On paper it doesn’t look outrageous. In reality, it told us everything we needed to know. We learned where the wheels started to wobble when the load got too high, what happened to his run when we stacked more bike work on top of it, and how he coped when we put key sessions back-to-back. We also learned something important about his personality: if it’s on the plan, he will crawl over broken glass to tick the box.

This year laid the foundations. No fireworks. Just information and an build an engine.

By the end of 2023 we knew:

He could live around 14–15 hours per week without falling apart

He handled bike and run volume well, but too much intensity stacked together pushed him towards the bin

Mentally, he liked structure and hated randomness – if it’s on the plan, he’ll die trying to tick the box

This testing year set the boundaries for everything that came next.

2024 – Turn the Volume Up and Break Sub-10

Because we’d mapped his limits in 2023, we could safely squeeze harder in 2024.

This time, over the 16-week block, his training time moved up towards 17–18 hours per week. The extra time didn’t come from junk. We pushed his swim and bike volume up, added proper strength work, and focused on making his running more consistent rather than simply bigger. The idea was simple: build a bigger aerobic ceiling, get him off the bike fresher, and make sure he could still run like an athlete, not a zombie.

16 week lead in numbers - Around 280 hours total (about 17–18 hours per week)

Swim: ~2.3 hours (~7–8 km)

Bike: ~8.5 hours (~240–250 km)

Run: ~3.5–4 hours (~38–40 km)

Strength: ~1–1.5 hours

What changed?

More bike and swim volume
We increased his “aerobic ceiling” with longer rides and more frequent swims. The goal: get him off the bike fresher, not just tougher.

Run: slightly less volume, better consistency
We didn’t chase 100 km weeks. Instead, we focused on not missing run sessions and protecting his ability to run well off the bike.

That block delivered his first sub-10 Ironman – 9:54 – with a sub-3:30 marathon off the bike. The numbers said the plan worked.

Then, because clearly he doesn’t like easy choices, he rolled into the Arc 50 miler in early 2025. That race added another brutal layer of time-on-feet and mental resilience. Think less “Instagram inspiration” and more “soaked, muddy, and still moving when most people would have called a taxi”. It laid down even more durability for the next Ironman season.

2025 – Sharpen the Tools, Less Pressure, More Enjoyment… Still 9:50

This is where the story gets interesting.

By the time we got to 2025, the brief had shifted…slightly.

Mark had already proved his point with a 9:54, plus the Arc 50 in his legs. So we met for coffee and he said i want to do anothert IM but i want to :enjoy'“ it. I knew he could suffer, He knew he could suffer. He knew he could go long. What he really wanted this time was to actually enjoy the race, not spend nine and a bit hours doing mental maths and quietly panicking about splits.
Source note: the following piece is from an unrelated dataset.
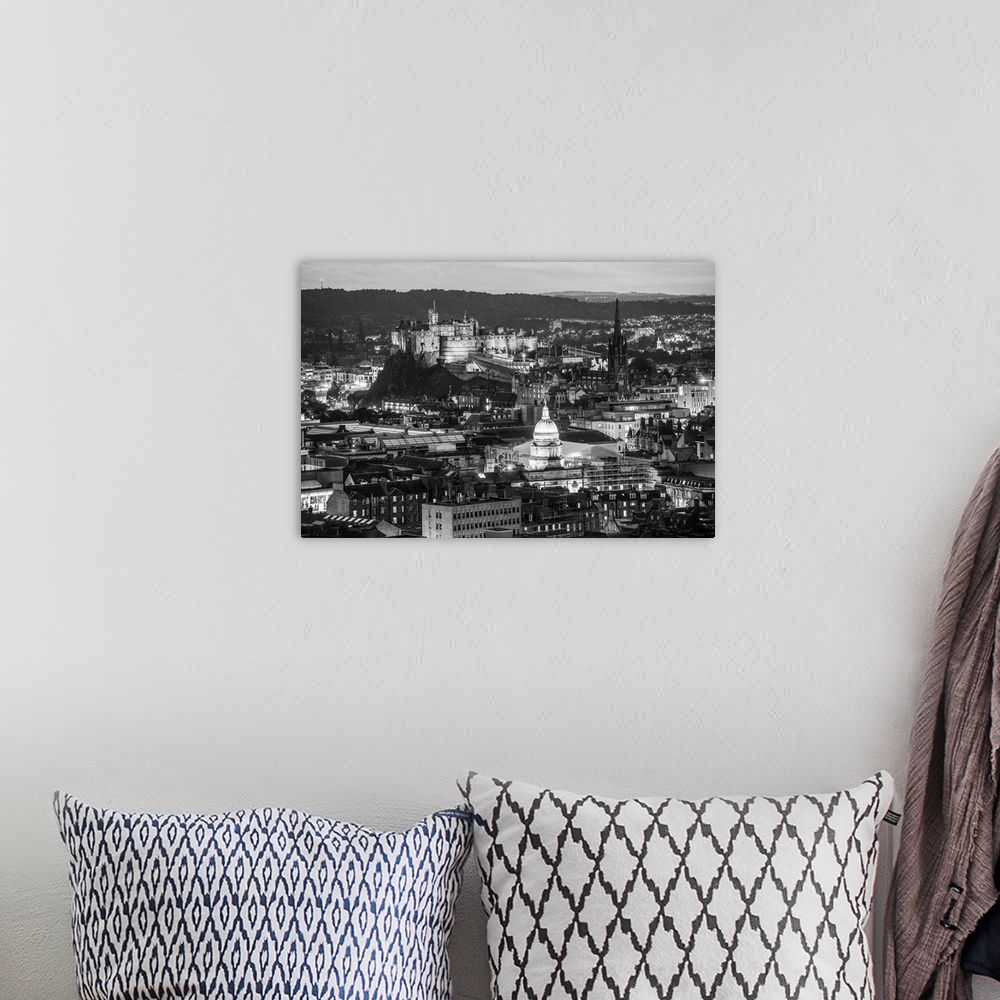A bohemian room featuring Black and white aerial photograph of the city of Edinburgh with the Edinburgh Castle standing out.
So that became the priority: experience first, numbers second.

We didn’t sit down and say, “Right, we’re going for 9:4X.” If anything, we deliberately stepped away from sticking a big shiny time goal on the fridge. He would never admit it out loud, but of course he still secretly wanted another sub-10. We just chose not to let that be the thing driving every decision.

Training reflected that.

16 week lead in numbers - Around 280 hours total (about 17–18 hours per week)

Swim: ~2 hours (~7 km)

Bike: ~7–7.5 hours (~220–230 km)

Run: ~4–4.5 hours (~42–45 km)

Strength: ~1 hour

The big change was how those hours were used:

More tempo and threshold running
Less “just getting through the long run”, more deliberate segments at pace:

Long runs with quality blocks

Sustained tempo

Controlled threshold work

We pulled his 16-week build back to around 14–15 hours per week again – less than the big volume year in 2024. Instead of chasing more and more total time, we focused on using those hours better. The swim stayed consistent. The bike was kept at a level that maintained his strength and durability without leaving him permanently knackered. The run became the main focus: more tempo, more controlled threshold work, more long runs with purpose rather than just shuffling around to clock distance.
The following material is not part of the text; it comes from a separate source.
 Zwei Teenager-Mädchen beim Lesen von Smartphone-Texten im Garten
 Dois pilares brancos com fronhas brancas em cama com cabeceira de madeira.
Because the pressure was lower, he turned up to a lot of those key sessions in a better headspace. There was less white-knuckle “I must hit this or I’m doomed” and more “let’s see what the legs have today.” The irony, of course, is that this usually leads to better training, not worse.

Race day summed it up perfectly. The plan was simple: swim well, ride honestly, and then give himself a chance to run without chasing ghosts. No drama, no heroics, just executing what he’d been doing in training and soaking up the whole experience a bit more.

And what happened ?
He went 9:50 and dropped another sub-3:30 marathon off the bike.

Less pressure. Less volume than 2024. More enjoyment. Faster time.

That’s the bit most age-groupers miss. Sometimes, the breakout performance doesn’t come from more suffering. It comes from finally giving yourself permission to enjoy the work you’ve already done and letting the result take care of itself.

The Stuff You Don’t See on Strava

The numbers tell a nice story, but they aren’t the whole point.

Mark’s biggest wins over these three years aren’t just 9:54 and 9:50. They’re his consistency, his attitude, and his honesty with the process.

He shows up. Week after week. No chasing “perfect” weeks, no disappearing for three days then trying to cram six sessions into one. He treats training like a pro would, but with a normal person’s life. Sessions get done when they’re inconvenient, not just when the stars align.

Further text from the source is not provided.